● **What you will do**: Please output all the entries word for word, without the pictures.

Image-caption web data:
* * * * * * * * *

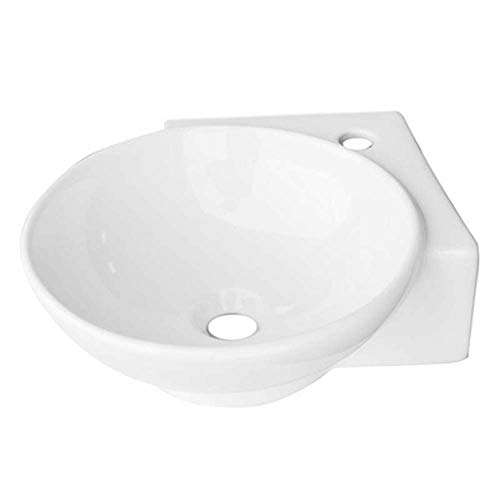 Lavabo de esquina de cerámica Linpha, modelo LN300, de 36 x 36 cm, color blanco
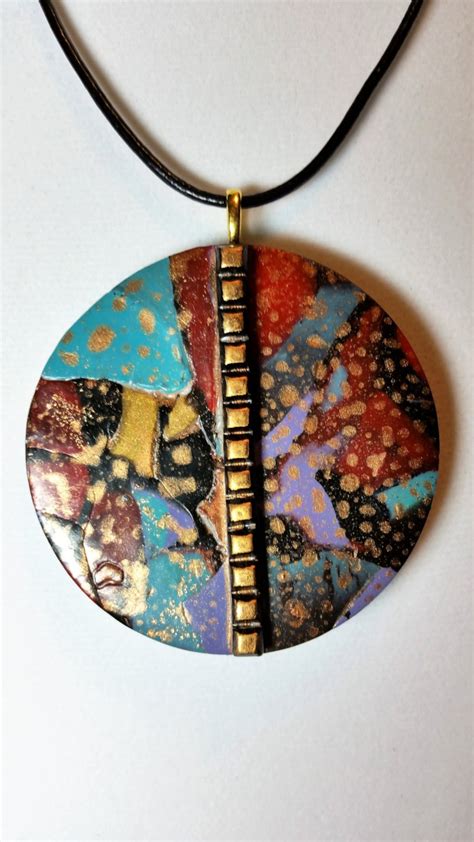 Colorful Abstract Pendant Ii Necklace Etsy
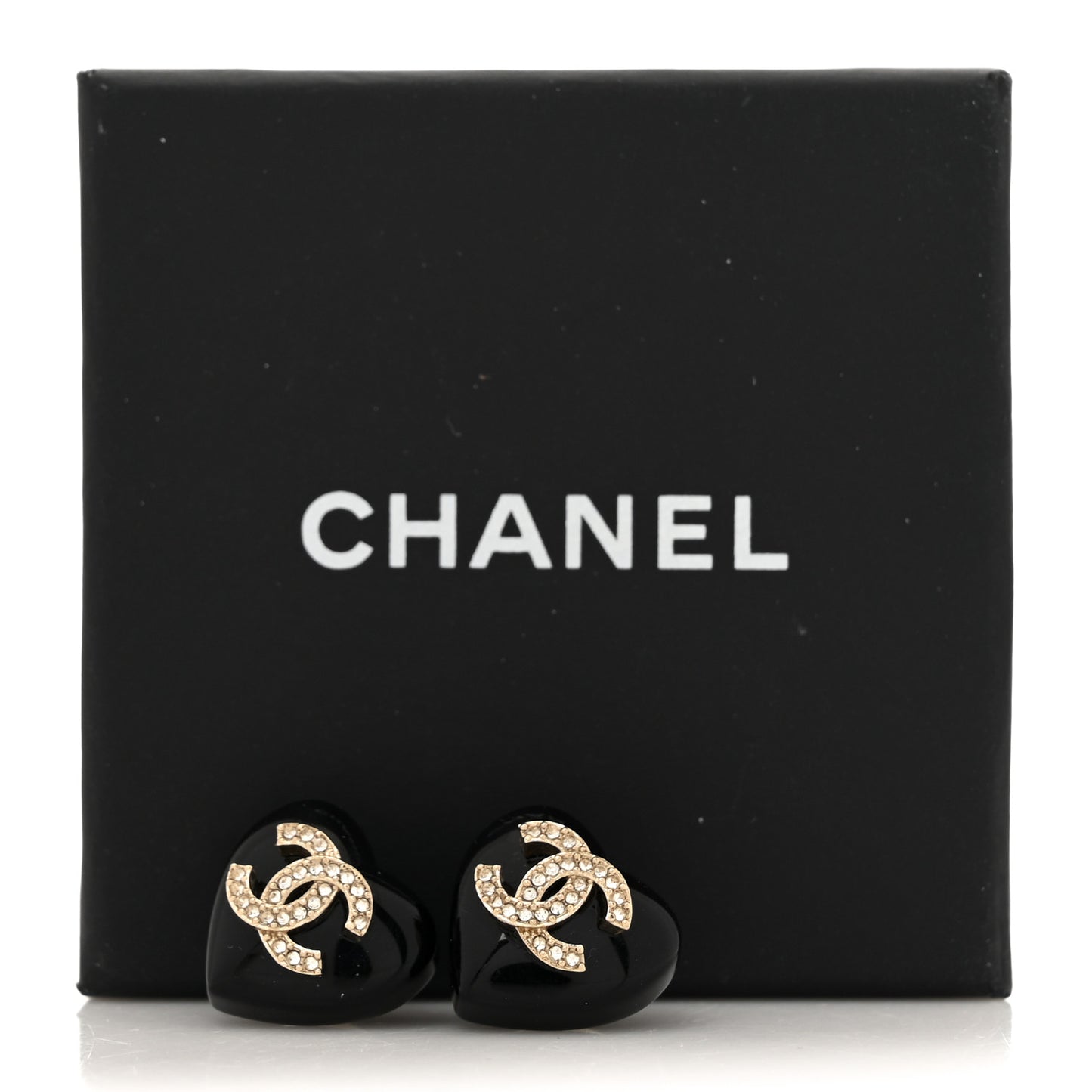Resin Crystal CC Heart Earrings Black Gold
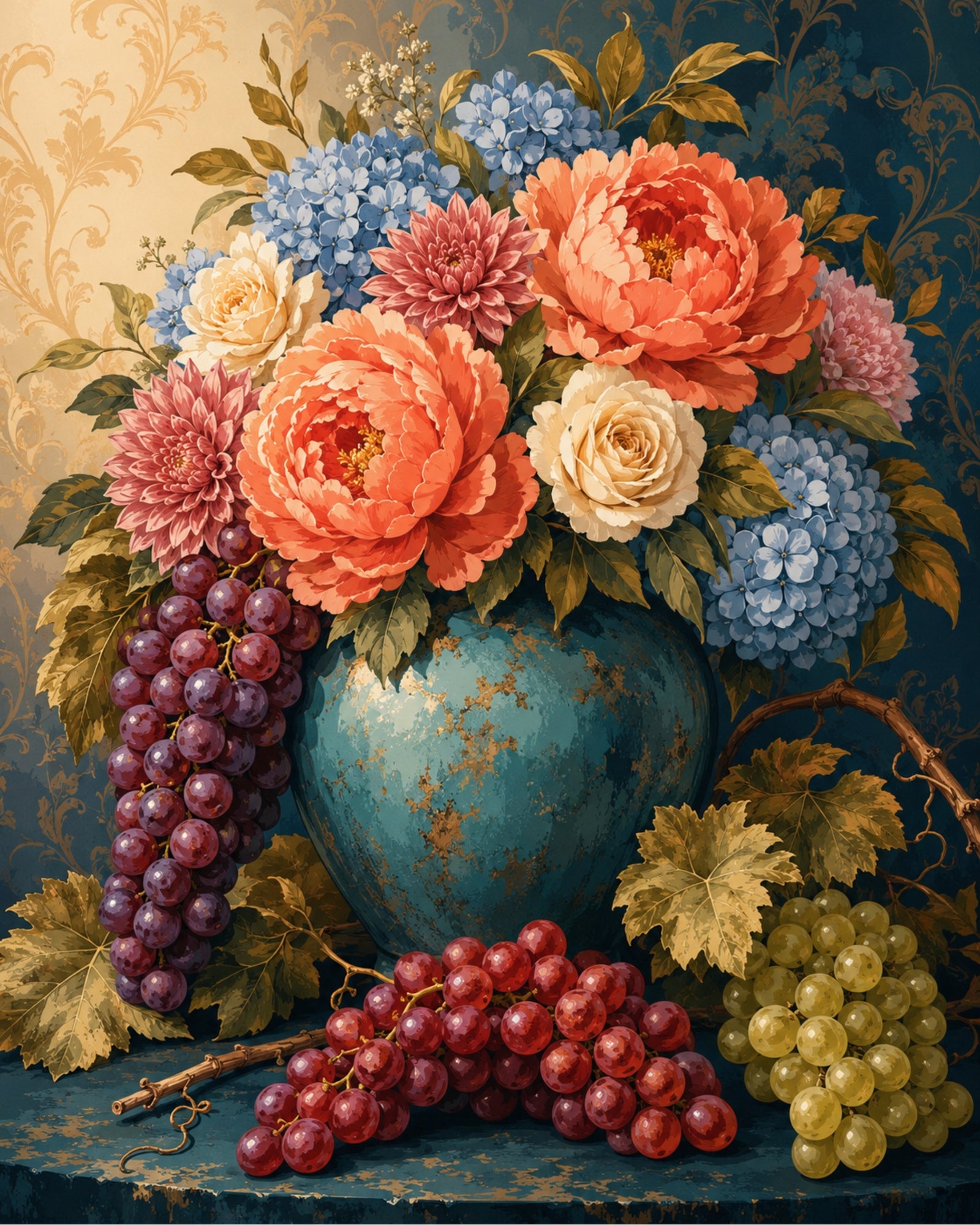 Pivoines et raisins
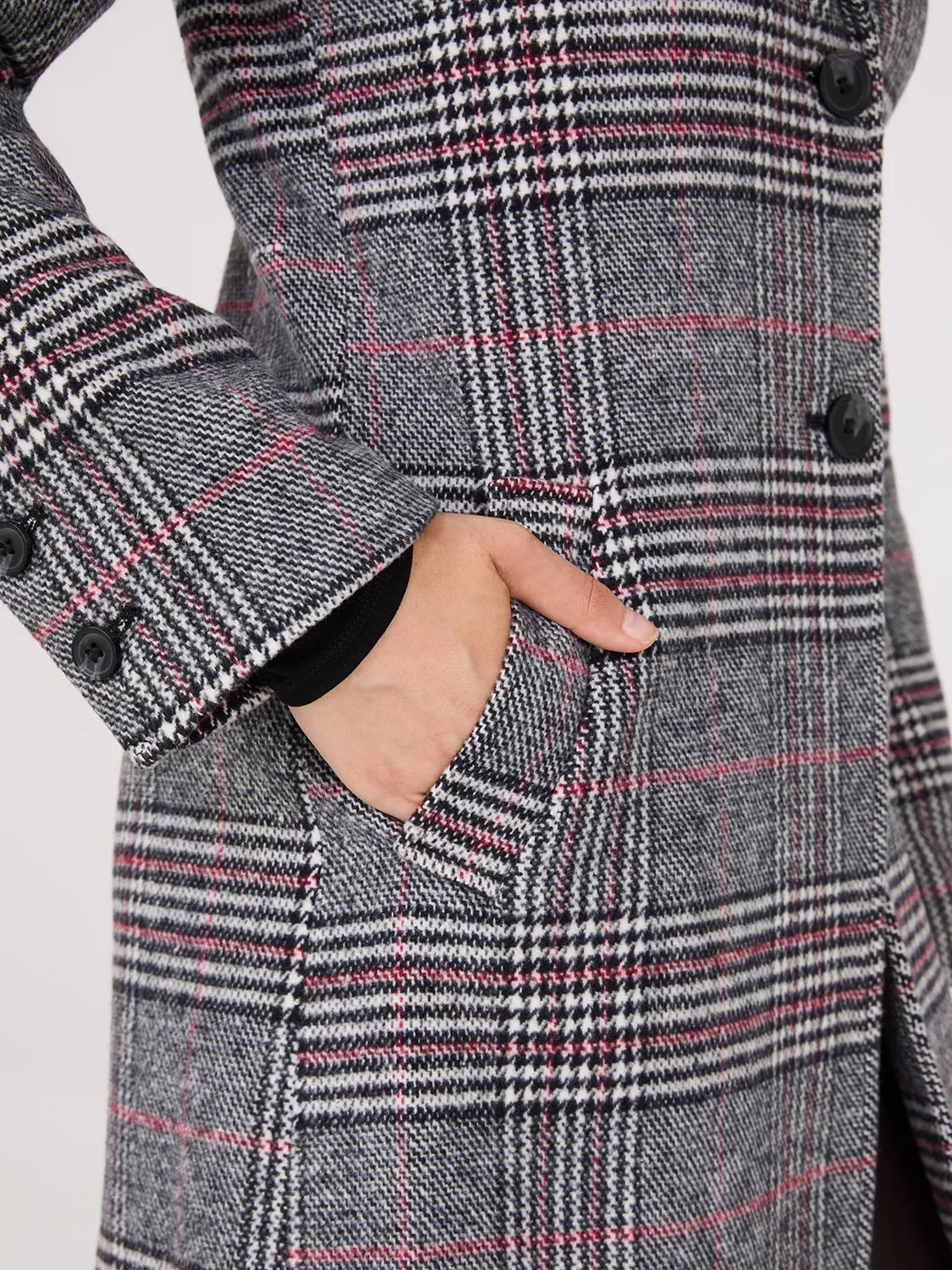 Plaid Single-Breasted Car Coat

* * * * * * * * *

● **Response area**:
 Lavabo de esquina de cerámica Linpha, modelo LN300, de 36 x 36 cm, color blanco
 Colorful Abstract Pendant Ii Necklace Etsy
Resin Crystal CC Heart Earrings Black Gold
 Pivoines et raisins
 Plaid Single-Breasted Car Coat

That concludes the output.